◆ TASK DETAILS
Everything in the data below is left aside except the lines from the one containing "Sensor Xcmd2145l1 Telemecanique - Novo" through the one containing "3-LO, L 20 TI ~"; repeat those exactly.

◆ DATA RECORDS

━━━━

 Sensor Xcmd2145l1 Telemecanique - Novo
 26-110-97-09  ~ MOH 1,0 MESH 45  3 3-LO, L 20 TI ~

━━━━

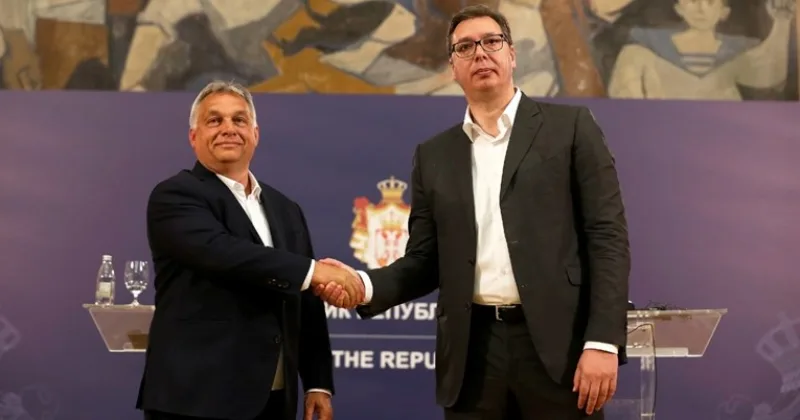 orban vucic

━━━━

◆ YOUR RESPONSE
 Sensor Xcmd2145l1 Telemecanique - Novo
 26-110-97-09  ~ MOH 1,0 MESH 45  3 3-LO, L 20 TI ~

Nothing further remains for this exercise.